See different places have different registers, even if they’re all in Metro Manila. There is a different point in Pateros. Different in Las Pinas. Different in Valenzuela. The ghetto of Makati is not the ghetto of Caloocan. You don’t have a firm grasp of a certain locality? It will sound… off. It’s important for a novelist or a writer to know those and have the technical ability to put it on the page if you want to depict scenes in a crime novel in a certain setting.
Tiktok, Facebook, IG, all those are fast consumption platforms. How can I get to those people who don’t read books but do write and read on those? Just seconds allotted to capture interest. How to do that in a novel?
Aside from that, you take pains to have things entertaining and always move thing along at a pace.
My target reader is always someone who doesn’t read. And the best feedback was from those young people who said they don’t really read but said this book works for them.
Make it as lean as possible so the patience of the reader is not tested as much as possible. It’s always left hanging to provide chapter by chapter momentum. My habit is to make every chapter as much as possible stand alone. A short short minimalist per chapter that’s not necessarily linear.
I always thought about the time of reading. Tiktok, Facebook, IG, all those are fast consumption platforms. How can I get to those people who don’t read books but do write and read on those? Just seconds allotted to capture interest. How to do that in a novel? So I structured it like it was streaming, like a Netflix episodic series.

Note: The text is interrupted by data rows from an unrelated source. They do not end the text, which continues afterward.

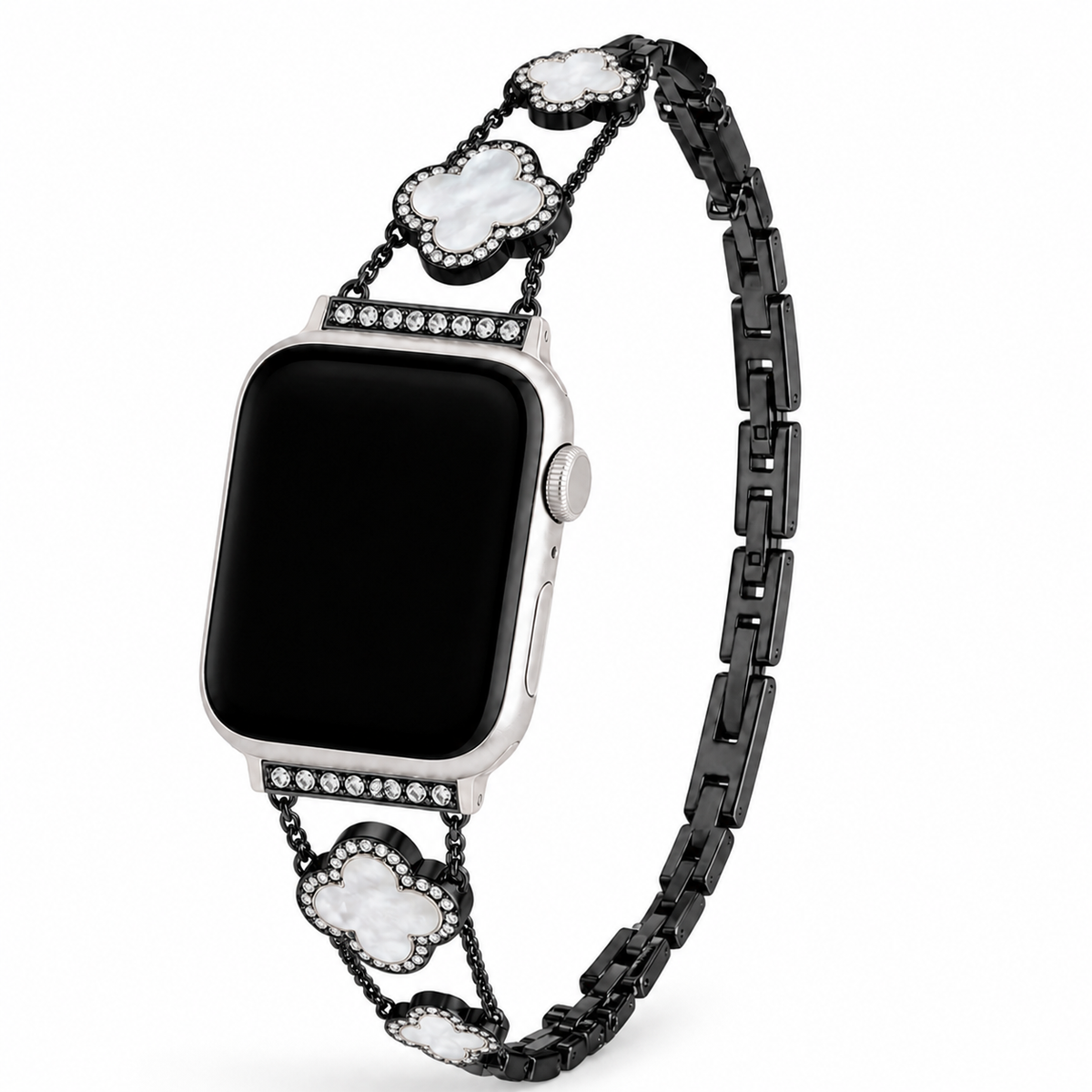 FloraTie Mother-of-Pearl-Effect Clover Bracelet Band Compatible with Apple Watch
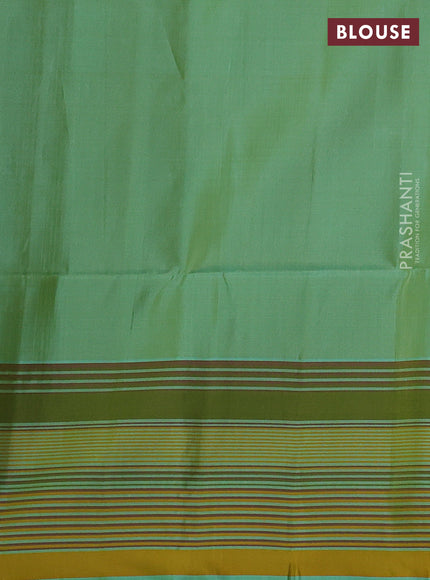 Teal Green Kanchipuram Soft Silk Saree - Buttas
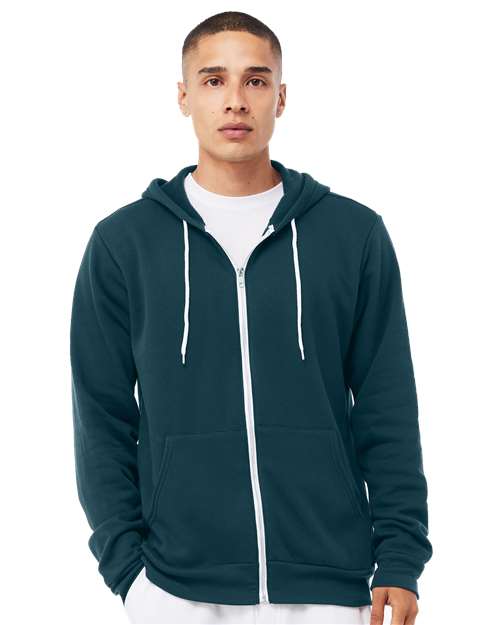 BELLA + CANVAS Unisex Sponge Fleece Full-Zip Hoodie Sweatshirt - 3739 Atlantic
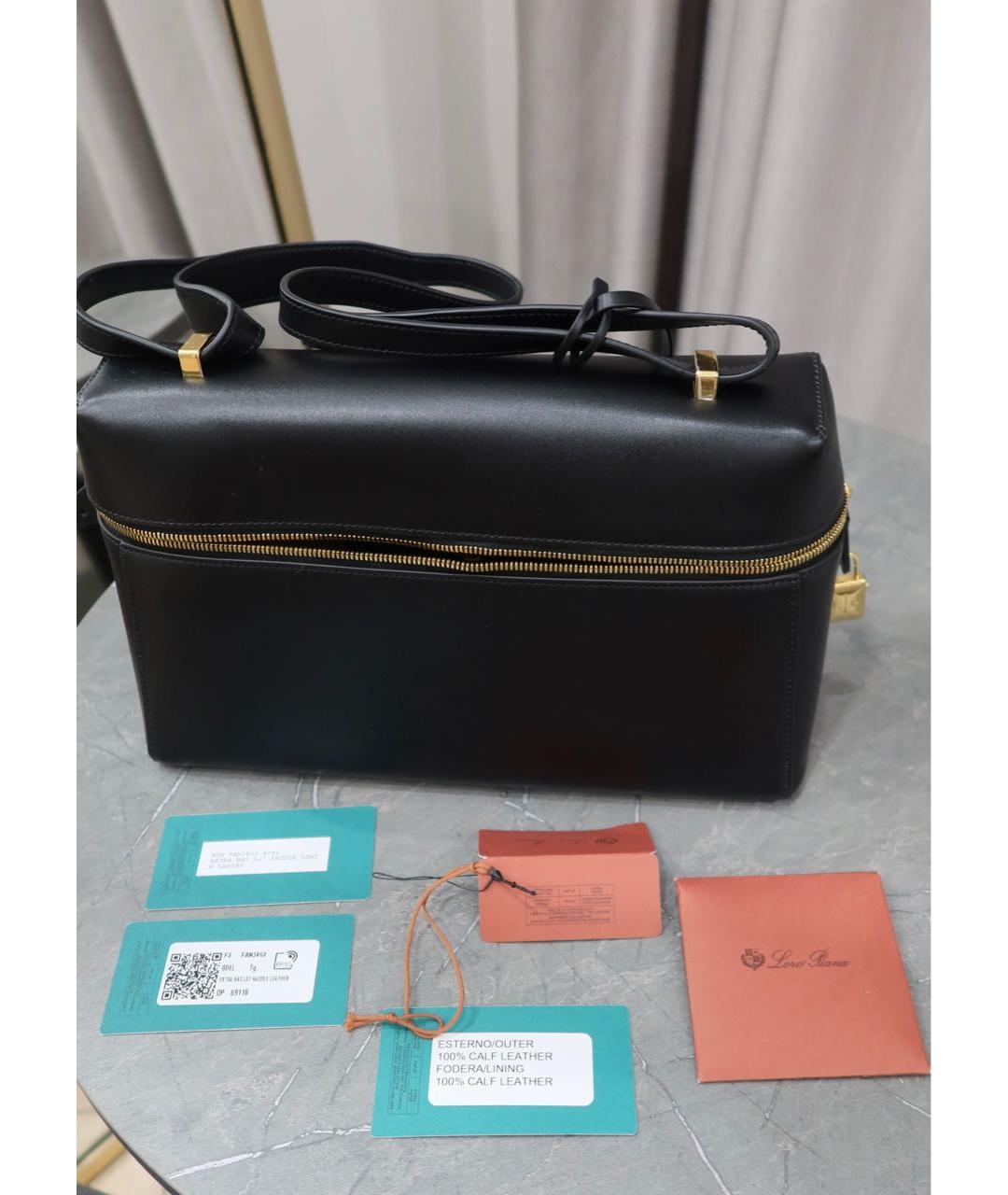 LORO PIANA Черная кожаная сумка через плечо, фото 6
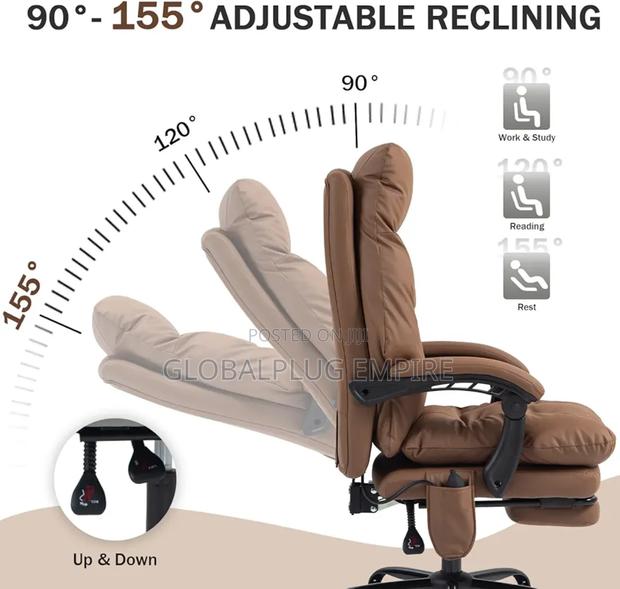 Genuine Leather Modern Executive Chair High-Back Support · Photo 6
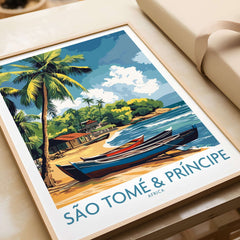 São Tomé Travel Poster featuring a vibrant beach scene and tropical palm trees.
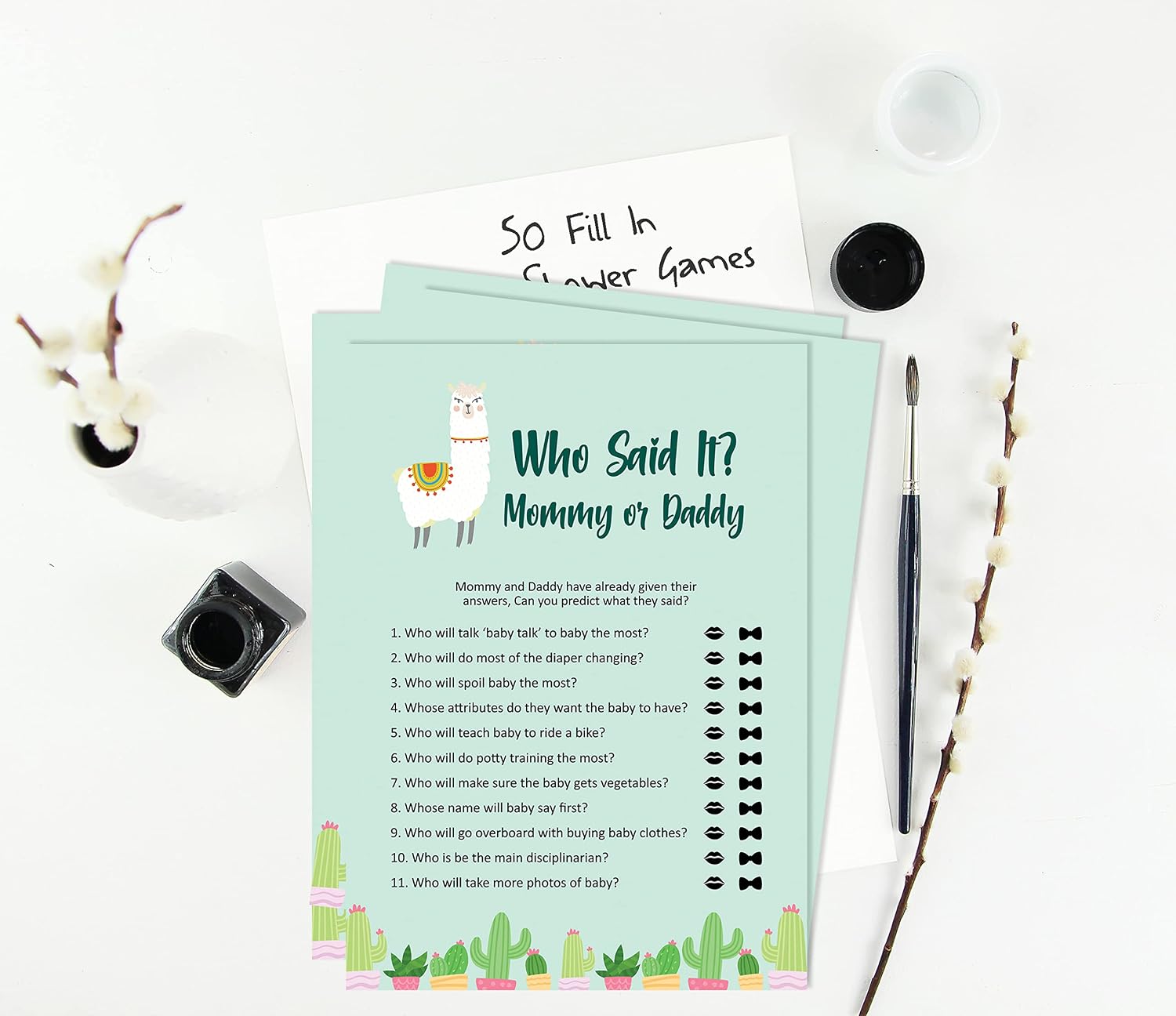 Who Said it Game Mommy Or Daddy 50 Sheet Fun Baby Shower Game Llama Gender Neutral Party Supply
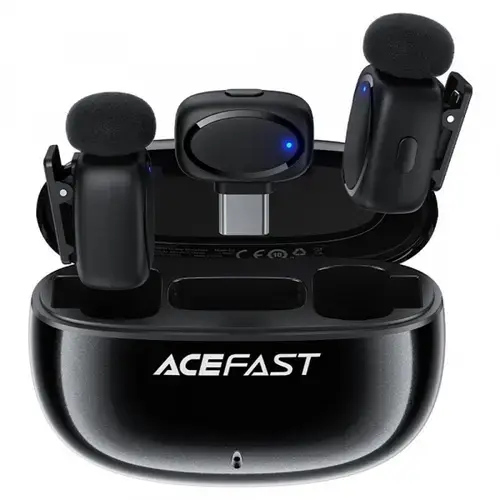 Lavaliera Acefast R2, USB-C, Set 2 bucati, Negru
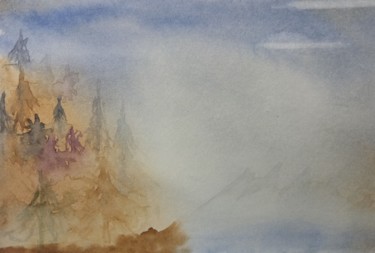 Painting titled "Brouillard matinal" by Guillemette Hervieux, Original Artwork, Watercolor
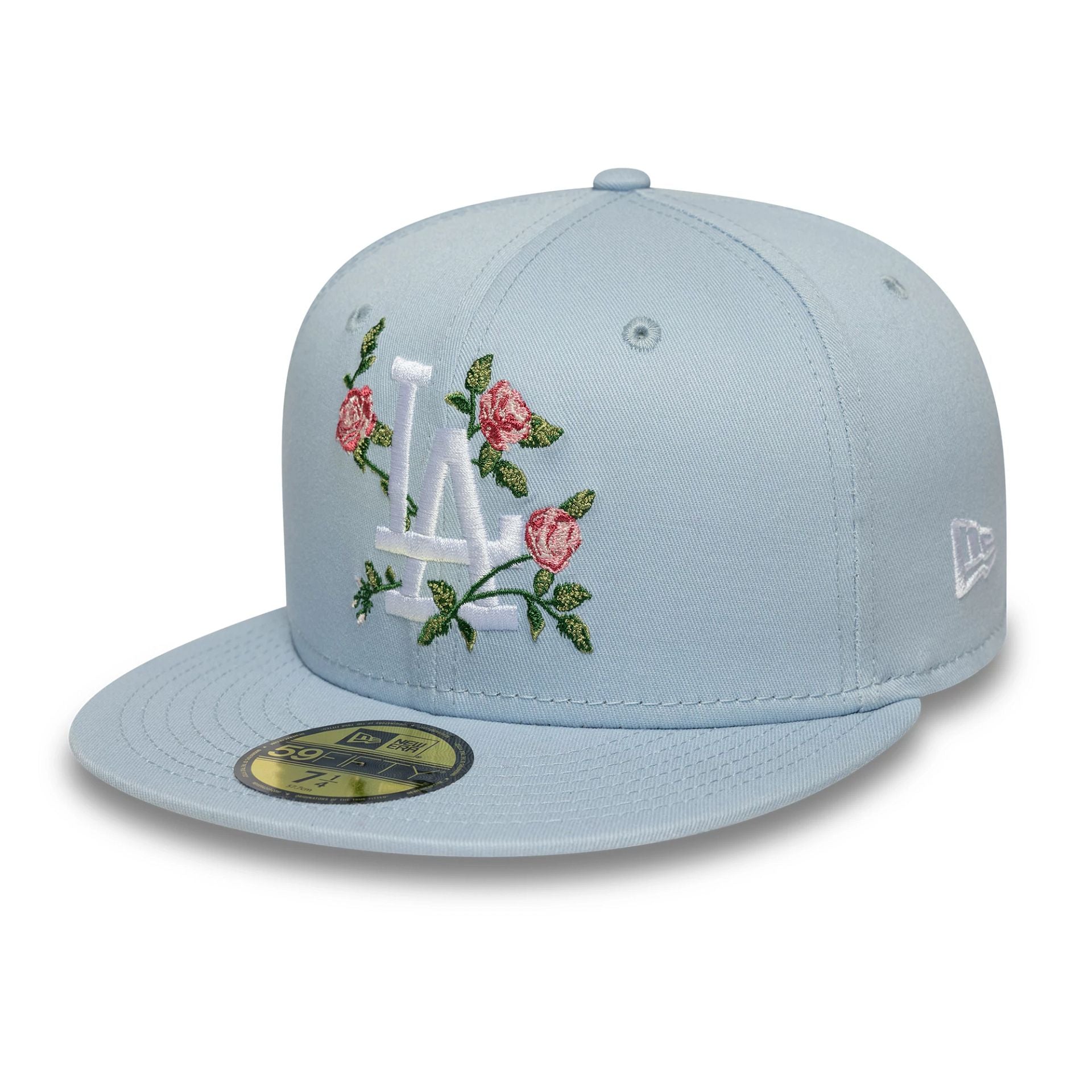 This is a LA Dodgers MLB Floral Pastel Blue 59FIFTY Fitted Cap 1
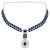 Silver plated elegant leaf motif necklace set with earrings & maang tika for women (ij402zmo)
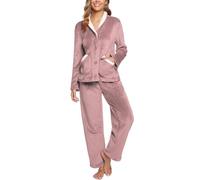 iClosam Damen Schlafanzug Langärmliger mit Knöpfen Einfarbiger Pyjama Warme Zweiteiliger Schlafanzüge Set Flanell Nachtwäsche mit V-Ausschnitt für Winter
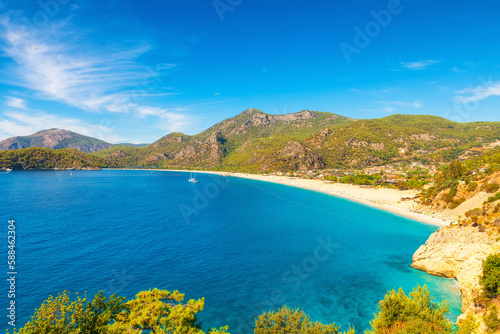 Fototapeta Naklejka Na Ścianę i Meble -  Beautiful view of Oludeniz beach in Mugla region, Turkey. Summer holiday travel destination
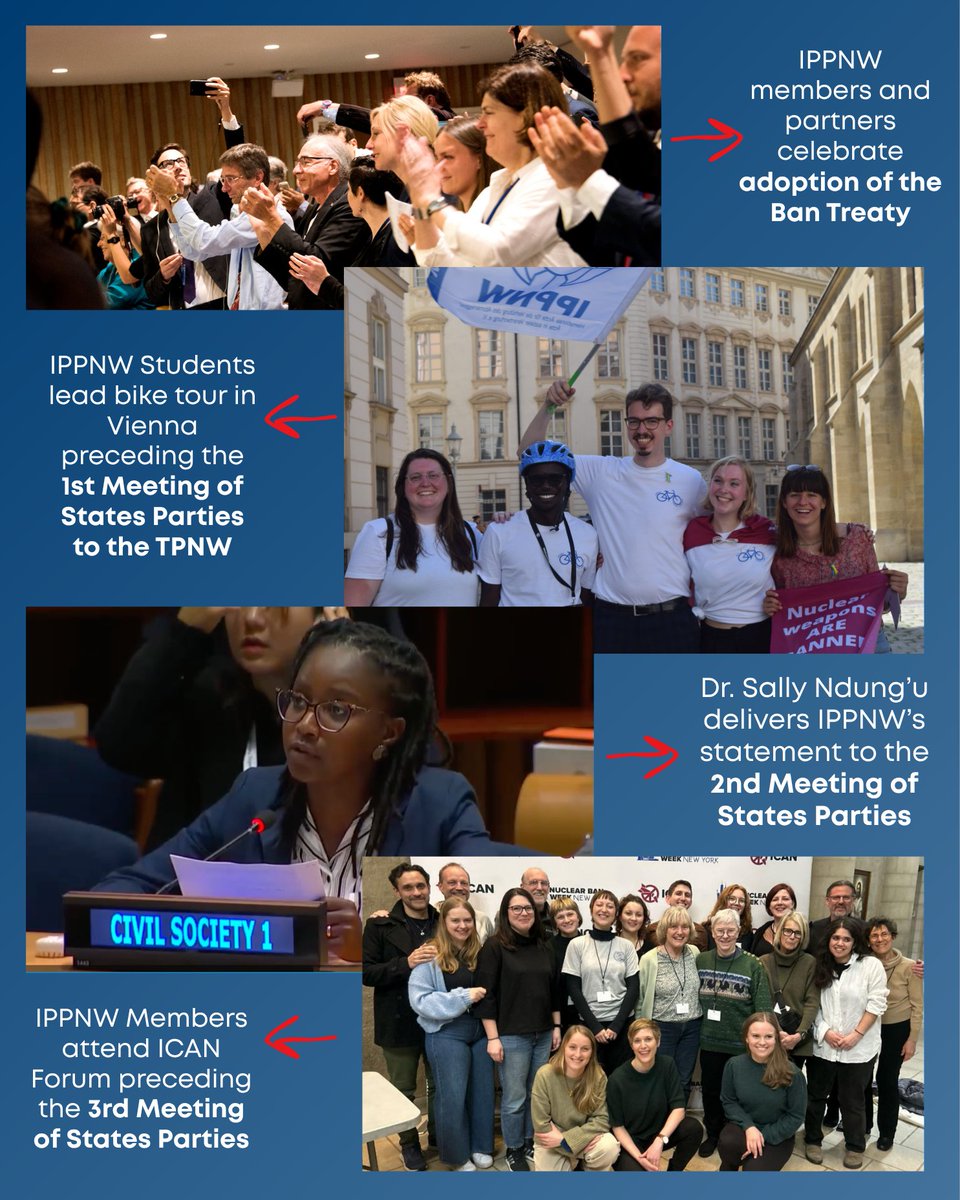 IPPNW's tweet photo. It's #DisarmamentWeek! Let's talk about our favorite tool for humanitarian disarmament, the Nuclear Ban Treaty. Next month we'll head to the UN for it's first Review Conference.

Curious how an international legal document is paving the road to total nuclear disarmament? (1/3🧵) https://t.co/gBpP2uqLLR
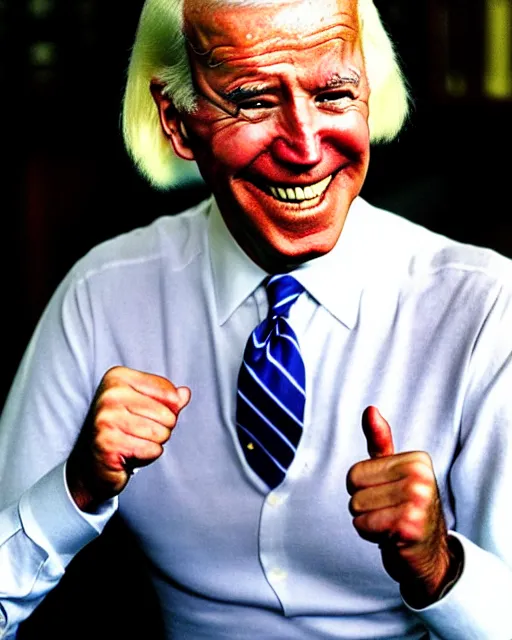 Image similar to joe biden with jimmy savile hairstyle and dressed as jimmy savile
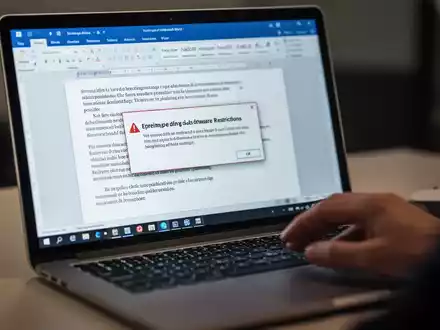 A laptop screen showing a Microsoft Word error message, with a hand reaching for a mouse. Illustrates software issues. - Foto: über boerse-global.de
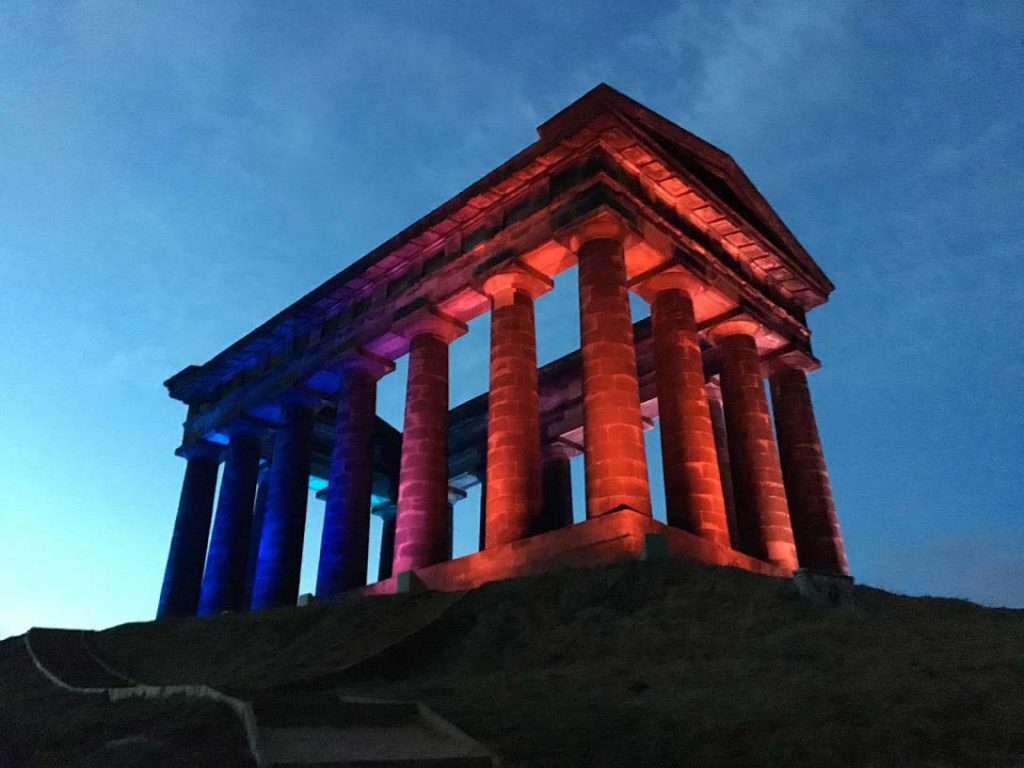 Penshaw Monument illuminated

With such extreme and intense scenes in your stories, is writing something that is fun or pleasurable for you?
Writing is never fun. If there was a machine that could execute on to the page what was in my head, then I’d buy that right away. No matter how expensive it is, I’ll buy it!
When people post about how writing and how it’s their channel, their outlet, their valve to let off steam, their way to breathe my reaction is always: wow, these guys are on another level huh!
Creative constipation is a constant. What’s enjoyable is finishing. Edits. Not even revisions. The process of revision is always just a bit less of a pain than actual writing.
So why write, people ask? I am compelled. Who else is going to write these stories how I will? Someone else might miss the details that I see. The kids who ask me in interviews always react weirdly: bakit daw po ba mahirap mag sulat.
And sometimes the whole writing process is also discovering you can’t write for that day. You feel like you can, when you’re walking down the street. Then you sit down and pak, nothing. Nothing for six hours! And then you say well, okay we aren’t ready then. That is also considered writing.